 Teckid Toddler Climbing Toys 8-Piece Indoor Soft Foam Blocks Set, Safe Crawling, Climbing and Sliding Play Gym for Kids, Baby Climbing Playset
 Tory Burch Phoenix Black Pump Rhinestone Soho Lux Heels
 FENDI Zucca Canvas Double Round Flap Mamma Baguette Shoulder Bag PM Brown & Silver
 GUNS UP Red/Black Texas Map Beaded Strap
* * *
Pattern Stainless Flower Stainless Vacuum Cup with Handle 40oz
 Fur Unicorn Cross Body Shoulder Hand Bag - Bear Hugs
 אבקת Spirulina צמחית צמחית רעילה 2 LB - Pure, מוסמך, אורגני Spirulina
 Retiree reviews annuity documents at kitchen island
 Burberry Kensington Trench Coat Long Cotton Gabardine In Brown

> [The task] Scan the lines above for the word "Shoulder". Return each one that has it.

> [Solved exercise]
 FENDI Zucca Canvas Double Round Flap Mamma Baguette Shoulder Bag PM Brown & Silver
 Fur Unicorn Cross Body Shoulder Hand Bag - Bear Hugs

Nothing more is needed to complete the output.